Human foibles
Why Are People Who Like Spicy Food So Dang Smug About It?
Weird flex, but okay

True to my generalist ways, I fall down a lot of internet rabbit holes. The latest is Hot Ones, a show where celebrities with a book, movie, or lifestyle line to hawk eat progressively hotter chicken wings as the host asks them insightful questions.
Through the course of the interview, the host and his guest eat 7 wings, starting with a mild 1800 Scoville level Classic Hot Sauce and ending with one they call The Last Dab, which is a molten lava two million Scoville units.

It’s interesting to see how different people react to eating spicy food. Some, like famed chef Gordon Ramsey, talk a good game but don’t make a pretense when things get real. Ramsey hilariously swigs Pepto-Bismol and downs donuts in between bites when he is bested by a sauce called Hellfire with a scorching 679,000 Scoville units. This is the same sauce that sees actor Jennifer Garner abandon all pretense of being okay as she yells “up your butt, Sean!” at the host.
Then there are people like chef Alton Brown. You can see his pain in the final rounds, but he’s determined not to let it show. While he sagely requested half and half to drink instead of milk, he barely touches it even after The Last Dab and tosses off a deliberately casual “fun show, next time try getting something hot, though.” before throwing his napkin on the table and taking his leave.
I have a friend like that. No sauce is hot enough for him. It doesn’t matter where we go or how many skulls and crossbones there are on the label, he makes a show of his disappointment.
While I’m no Alton Brown, I’ve been told my spicy food tolerance is “good for a white girl.” If a restaurant’s pepper scale goes to five, I know three is my limit. Any more and I can still consume it, but I’m suffering.
This is why I’m writing this piece. There comes a point when food goes from spicy delectable to spicy unbearable, and that point varies for everyone. But I notice people who pride themselves on eating spicy food clearly go beyond their comfort level and pretend like it’s no big deal. They probably don’t even enjoy the food, they just want people to see them eat it.
They’re trying to prove a point, but what?
Since I started sharing a few of my travel stories on this platform, a couple of readers have (kindly) mentioned to me that travel stories can sound like an annoying humblebrag. Like, oh I’m so adventurous, I’m so daring, I’m so “woke”. I appreciate other cultures and will pretend that’s what I’m doing while I’m really demonstrating how cultured and awesome I am.
By the way, I love travel stories and most of them don’t come off that way, so keep them coming.

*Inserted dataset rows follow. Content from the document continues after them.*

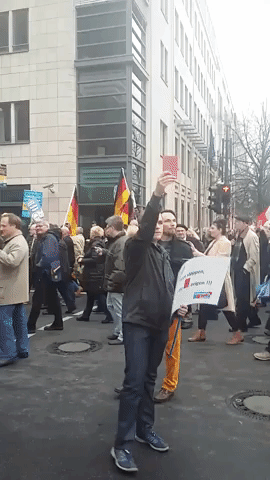 Thousands Chant 'Merkel Must Go' in Berlin Anti-Immigrant Rally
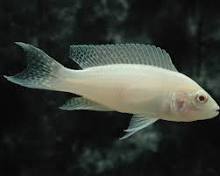 Albino Brichardi Cichlid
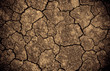 Dried cracked earth soil ground texture background. Global warming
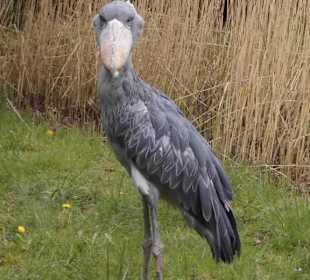 Weltvogelpark Walsrode
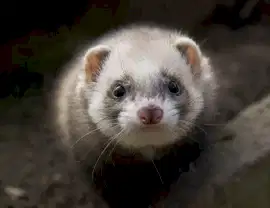 Хорек (фретка)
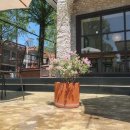 사림동152 이미지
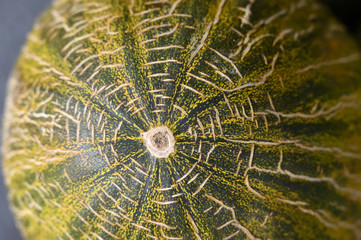 Partial view of a fresh, green honey melon on a market in Spain.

But I’m self-aware enough to know that I take a little too much pride in being an adventurer, so I understand what these people were (diplomatically) saying.
I think spicy food eaters have the same kind of thing going on. They’re seeing a little too much merit in their own actions. Like “oh my god, you think that’s hot? Please, I’m shivering.”
Don’t lie, spicy food lovers. You’re (not so secretly) smug about your Scoville score.
If you’ve read my posts for a while, you know I’m not one to generalize based on gender. But I think we can all agree that the Spice Conquerors tend to be of the male persuasion. At some point, someone confused masculinity with the ability to down ghost peppers with a smile.
I went on a food tour in Belize (oops, humblebrag?) with a group of Americans. We were offered a rice dish with one pepper on the side. Our guide told us that the pepper was so potent that we’d be well advised to stir it around the food and then remove it. Its mere essence would make the dish hot enough.
I know my limits and decided to eat the dish without even introducing the pepper. But one Spice Conqueror made a show of getting that pepper juice all over the plate. However, he made the mistake of picking the pepper out with his fingers. A minute later, he rubbed his eyes.
His bravado diminished considerably as he shed tears of searing pain. He finally went to the restroom to get himself together and came back hunched over and limping. He’d used the facilities while he was in there, and now a whole new and much-prized area below the belt buckle was also affected.
I’ll be the first to say most savory foods are improved with a little heat. But the bravado of the ultra-spicy tribe has nothing to do with actual flavor. It’s a weird competition, the “who can eat this hotter” game, and I’m not convinced it enhances the participants’ (or bystanders’) enjoyment of the meal.
As a humblebrag, it makes very little sense. Where’s the evolutionary imperative to be okay with feeling like your mouth is on fire? Presumably, it’s proving your ability to withstand pain? But I’m not seeing your spice tolerance as you being better able to protect me from saber tooth tigers, caveman style.
I think you’d be more apt to survive the ancient wilds with a man who avoids unnecessary pain.
I suppose we all get our pride where we can, and most of us admittedly can’t handle one million-plus Scoville units. So go on with your bad selves. Just know, this “achievement” isn’t impressing the rest of us as much as you seem to think.